Goyal Hiten, Sidana Karanveer, Singh Charanjeet, Jain Abhilasha, Jindal Swati
Department of Computer Science and Engineering, Maharaja Ranjit Singh Punjab Technical University, Bathinda, India.
Multimed Tools Appl. 2022;81(11):14999-15015. doi: 10.1007/s11042-022-12166-x. Epub 2022 Feb 25.

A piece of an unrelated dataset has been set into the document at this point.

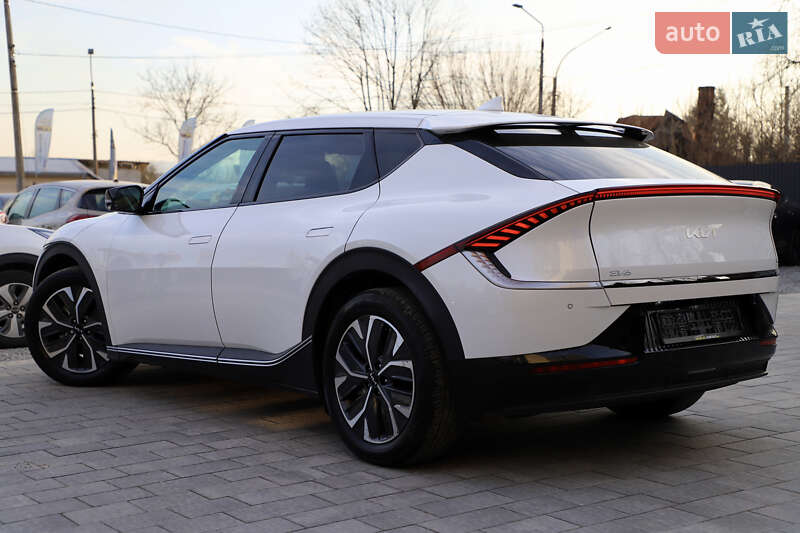 Внедорожник / Кроссовер Kia EV6 2022 в Дрогобыче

In current times, after the rapid expansion and spread of the COVID-19 outbreak globally, people have experienced severe disruption to their daily lives. One idea to manage the outbreak is to enforce people wear a face mask in public places. Therefore, automated and efficient face detection methods are essential for such enforcement. In this paper, a face mask detection model for static and real time videos has been presented which classifies the images as "with mask" and "without mask". The model is trained and evaluated using the Kaggle data-set. The gathered data-set comprises approximately about 4,000 pictures and attained a performance accuracy rate of 98%. The proposed model is computationally efficient and precise as compared to DenseNet-121, MobileNet-V2, VGG-19, and Inception-V3. This work can be utilized as a digitized scanning tool in schools, hospitals, banks, and airports, and many other public or commercial locations.

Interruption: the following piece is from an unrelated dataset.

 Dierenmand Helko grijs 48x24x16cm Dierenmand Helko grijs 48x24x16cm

当前,在新冠疫情在全球迅速蔓延之后,人们的日常生活受到了严重干扰。应对疫情的一个办法是强制人们在公共场所佩戴口罩。因此,自动化且高效的面部检测方法对于这种强制要求至关重要。本文提出了一种用于静态和实时视频的口罩检测模型,该模型将图像分类为“戴口罩”和“未戴口罩”。该模型使用Kaggle数据集进行训练和评估。收集的数据集包含大约4000张图片,性能准确率达到了98%。与DenseNet - 121、MobileNet - V2、VGG - 19和Inception - V3相比,所提出的模型计算效率高且精确。这项工作可以用作学校、医院、银行、机场以及许多其他公共或商业场所的数字化扫描工具。